The difference between 6-10 and 10-6 is much thinner, for example, than the difference between 62-100 and 100-62 in a regular Major League Baseball season. A bounce here, a missed or made kick there, an officiating decision everywhere separates the above-average from the below-average.
Five of the 12 teams who missed the playoffs in 2018 made them in 2019. Among them was the Vikings.
Outside of that focused churn, though, we find larger truths about franchises: Periods of sustained success tend to be followed by relatively long periods of pain. Players get older. Trends change. And not even a salary cap ultramarathoner such as the Vikings' Rob Brzezinski can outrun the cap forever.
History shows us some clear and symmetrical trend lines when it comes to the Vikings. Two very bad games into the 2020 season, the Vikings' play and the franchise's history conspire to make us ask: Are they in the midst of exiting one of their patented stretches of stability and relative success and rapidly entering one of their similarly familiar stretches of subpar play and rebuilding?
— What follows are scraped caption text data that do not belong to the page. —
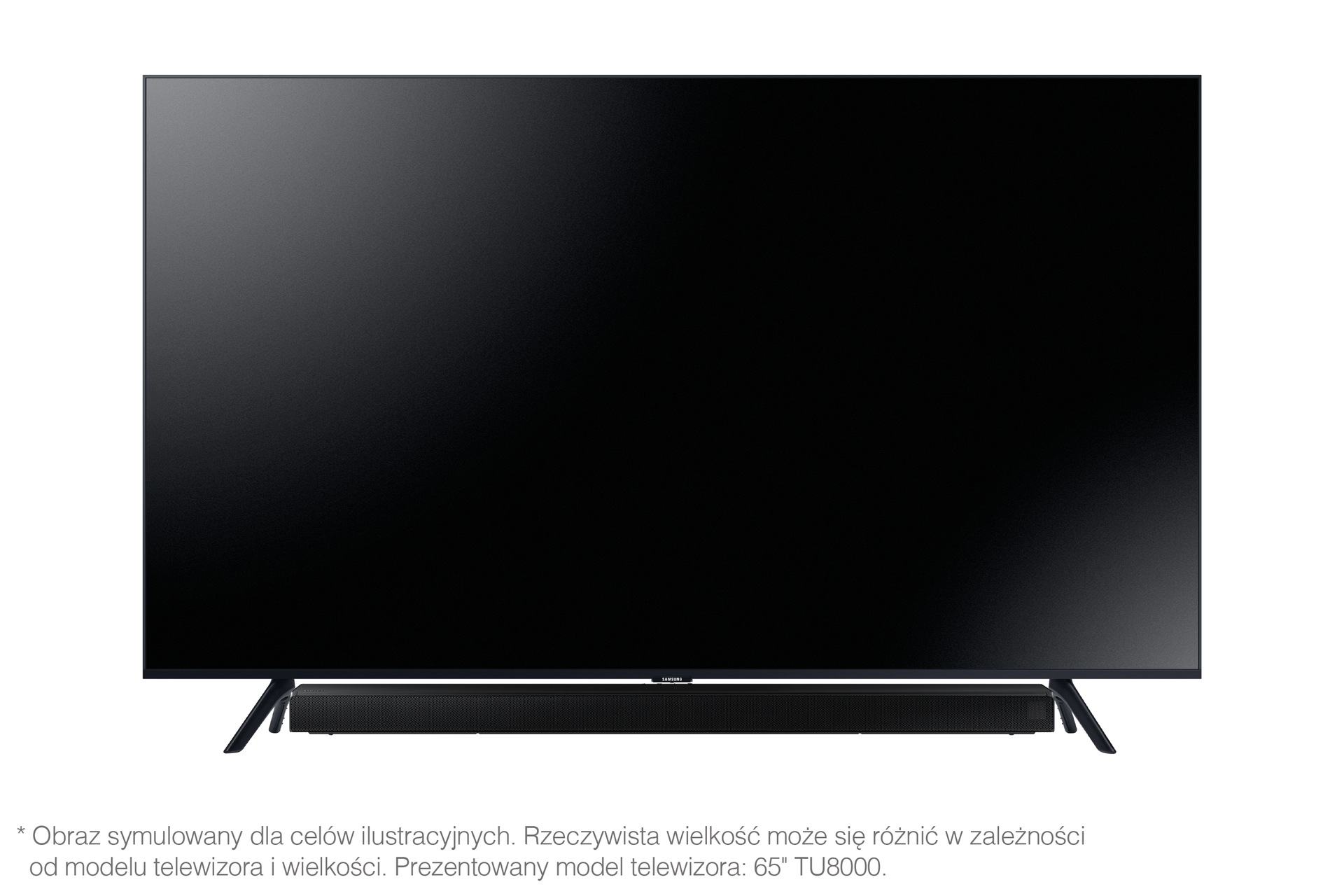 Zdjęcie od frontu zestawu telewizora oraz nowego soundbaru Samsung T650/EN z Inteligentnym Dźwiękiem Przestrzennym, który zapewni całkowicie nowe wrażenia dźwiękowe!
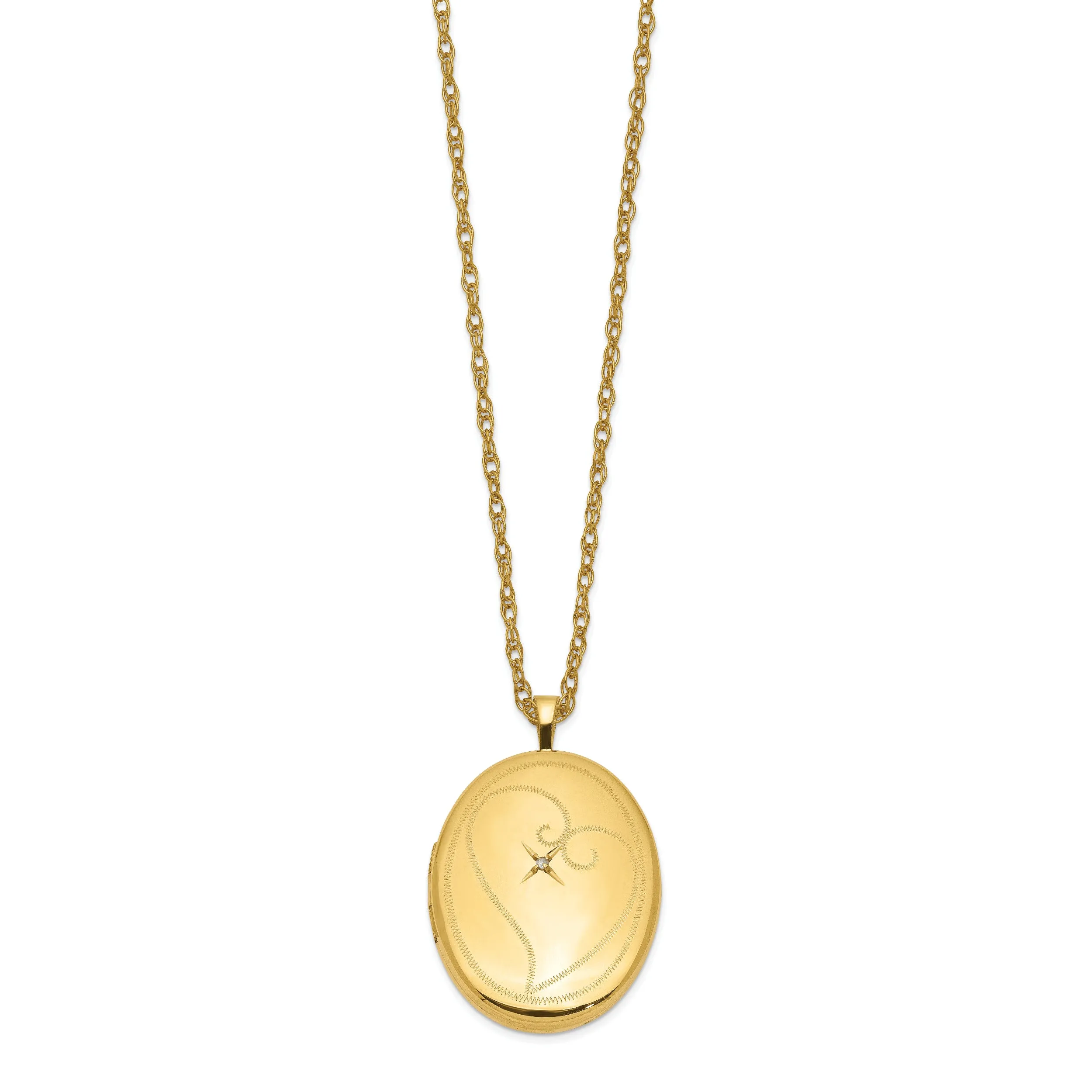 1/20 Gold Filled 26mm Diamond in Heart Oval Locket Necklace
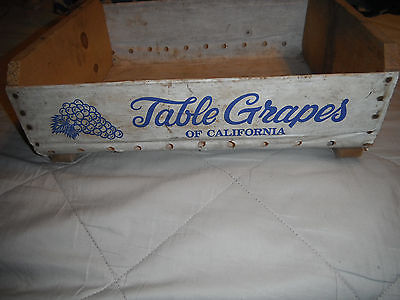 A+! Table Grapes of California Wood Advertising White Birch Box Silver King Labl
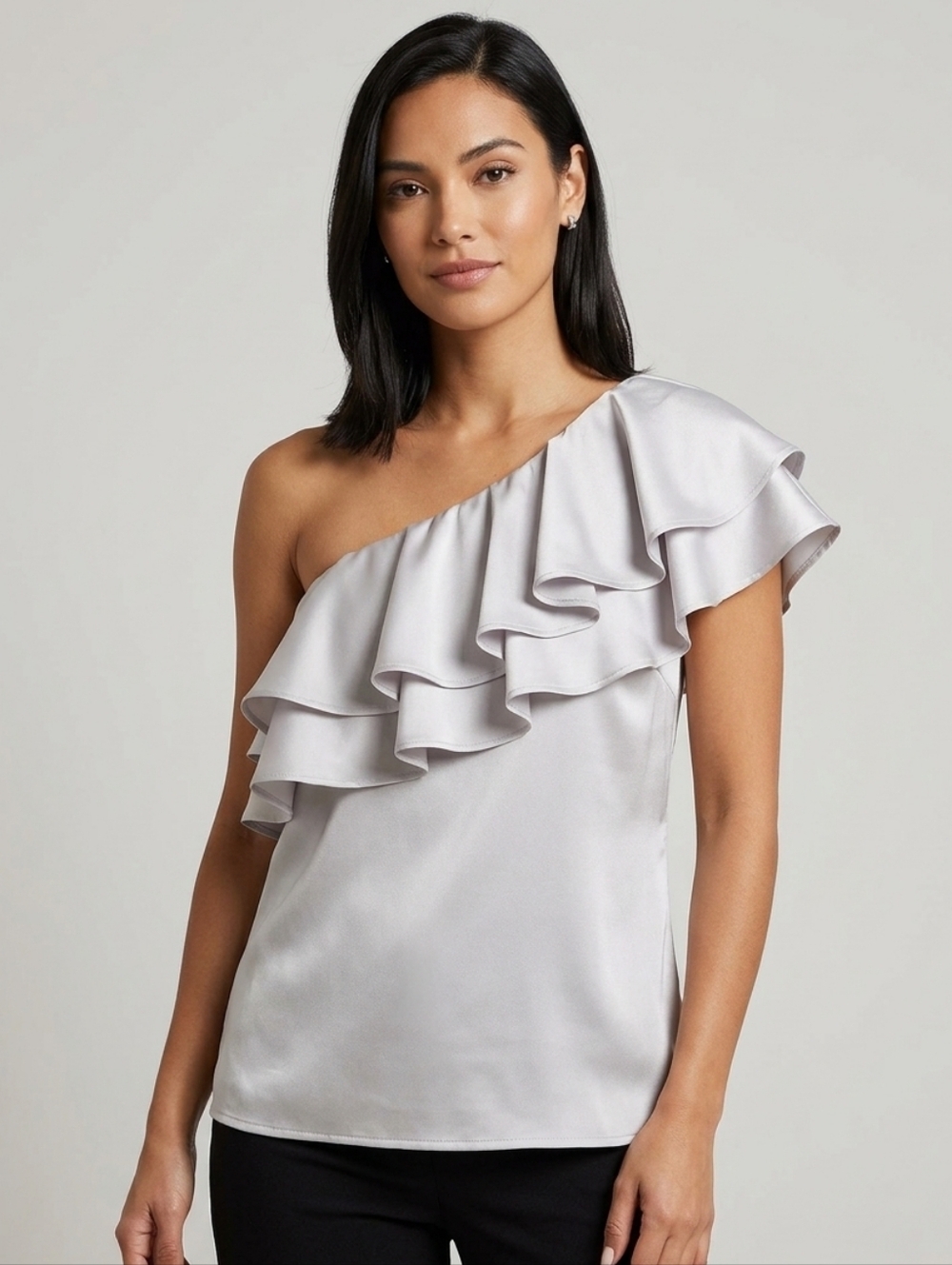 Banana Republic Women's Blouse Off Shoulder Top Silver Ruffle Silk Size S
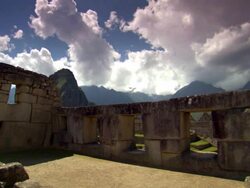 Scenic shots of structures at Machu Picchu, mountains in the background. Close-up of stones. Stock Footage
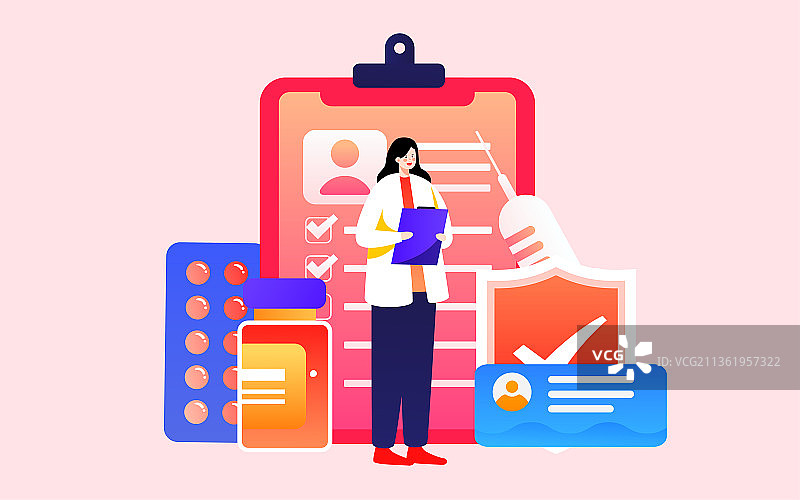 HPV疫苗医疗健康插画医生治疗疾病海报图片素材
I should note first that I've been fooled by early struggles from a Mike Zimmer team before, and I've generally vowed not to judge one of his teams until at least four games into season because they tend to get better with time.
These questions wouldn't be worth asking — at least not yet — if the Vikings' first two losses of the season were more pedestrian, couldn't-catch-a-break types of defeats.
But the very nature of how the Vikings have seemingly been overmatched in every facet of the game makes this relevant now.